Riccardo De Bin: Strategies to handle mandatory covariates using model- and likelihood-based boosting
Riccardo De Bin (Department of Mathematics, University of Oslo) will give a seminar in the lunch area, 8th floor Niels Henrik Abels hus at 14:15.
Title: Strategies to handle mandatory covariates using model- and likelihood-based boosting
Abstract: Among the iterative methods exploited during recent years in statistical practice, particular attention has been focused on boosting. Originally developed in the machine learning community to handle classification problems, boosting has been successfully translated into the statistical field and extended to many statistical problems, including regression and survival analysis. In a parametric framework, the basic idea of boosting is to provide estimates of the parameters by updating their values iteratively: at each step, a weak estimator is fitted on a modified version of the data, with the goal of minimizing a loss function.
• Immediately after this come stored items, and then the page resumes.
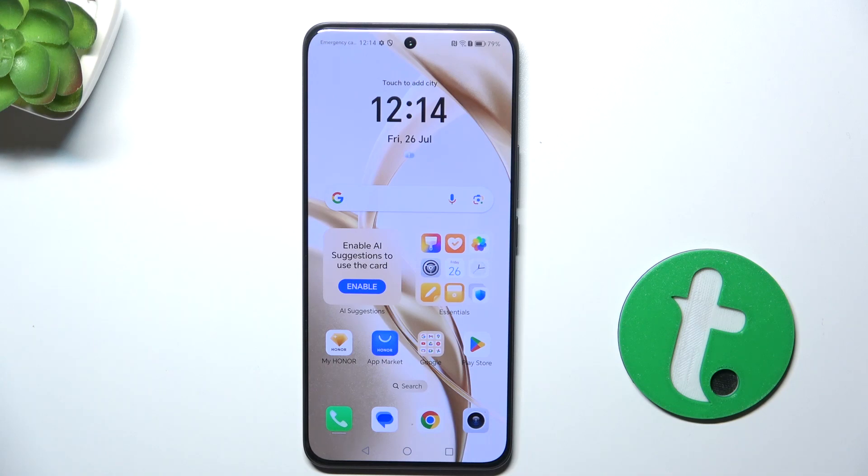Hey guys, today I'm gonna show you how to turn on Activate Google Assistant by saying Hey Google on Honor 200.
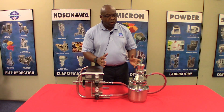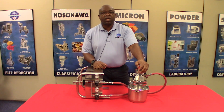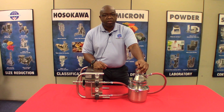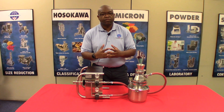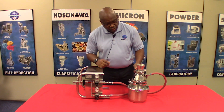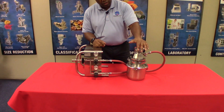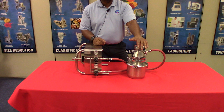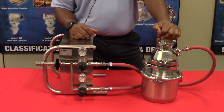There are no moving parts within this mill. Milling is done purely by particle against particle, and also by impact against the side of the chamber. During milling, the maximum pressure typically is about 6 bar, which is approximately 90 psi.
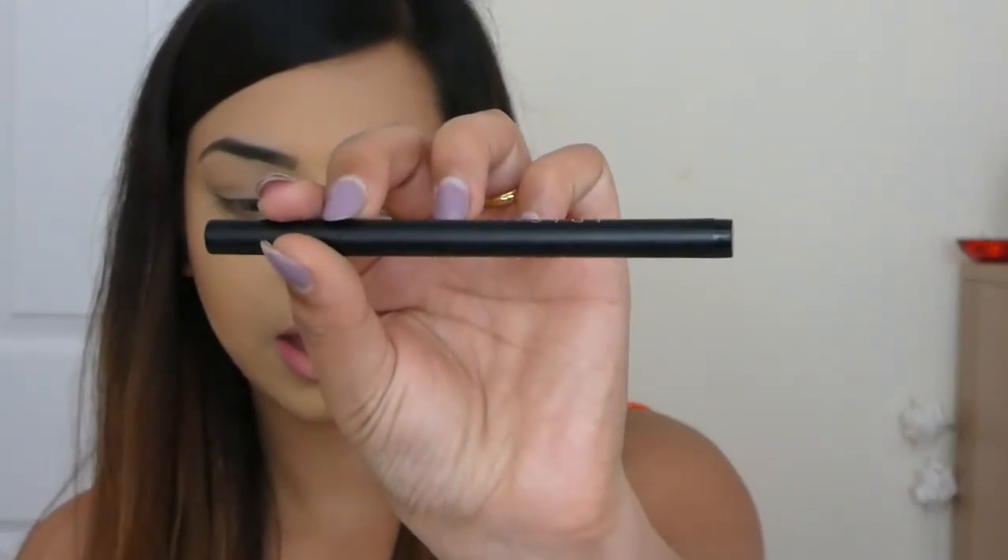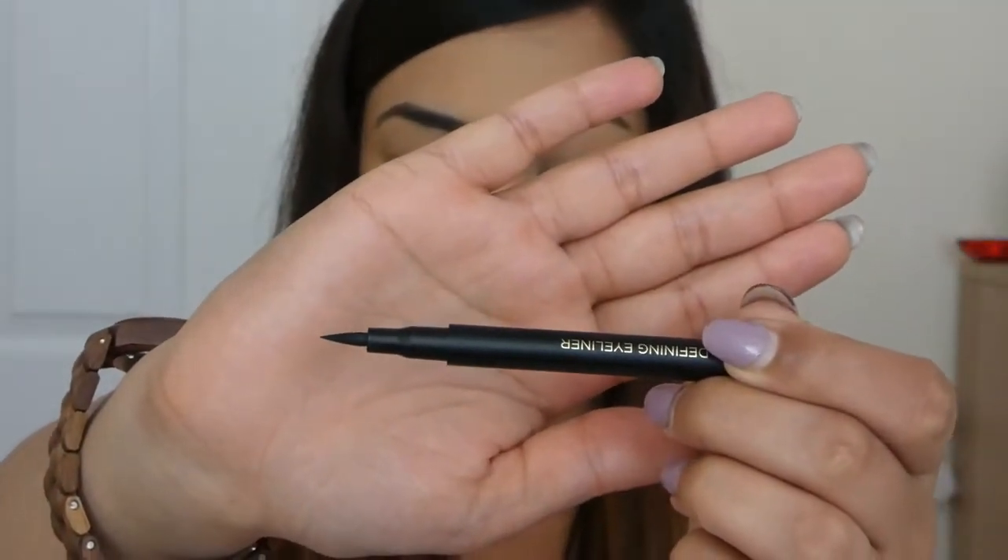The next product sent to me by Iris Beauty was the Ultra Defining Eyeliner. When I find a product that suits me and works well I don't really like to use anything else — for eyeliner I always tend to use Rimmel Glam Eyes, which has a really fine brush and is a liquid liner. This one is also liquid but it's kind of like a felt tip, so it'll be interesting to use. Before I use this I'm just going to use Maybelline's Colossal Eyeliner to line the upper waterline.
Thanks to its resistance to overfitting, boosting is particularly useful in the construction of prediction models. Its iterative nature, moreover, allows straightforward adaptations to cope with high-dimensional data. In this talk, we first review and contrast two well-known boosting techniques, model-based boosting and likelihood-based boosting. We note that in the simple linear regression case they lead to the same results, provided there is a specific choice for their tuning parameters. This is not the case for more complex situations. As an example, we show the differences in survival analysis under the proportional hazards assumption. As a main contribution of the talk, we analyze strategies to include mandatory variables, i.e. those variables that for some reasons must enter in the final model, in a statistical model using the two boosting techniques. In particular, we examine solutions currently only considered for one and explore the possibility of extending them to the other. We show the importance of a good handling of mandatory variables in a real data example.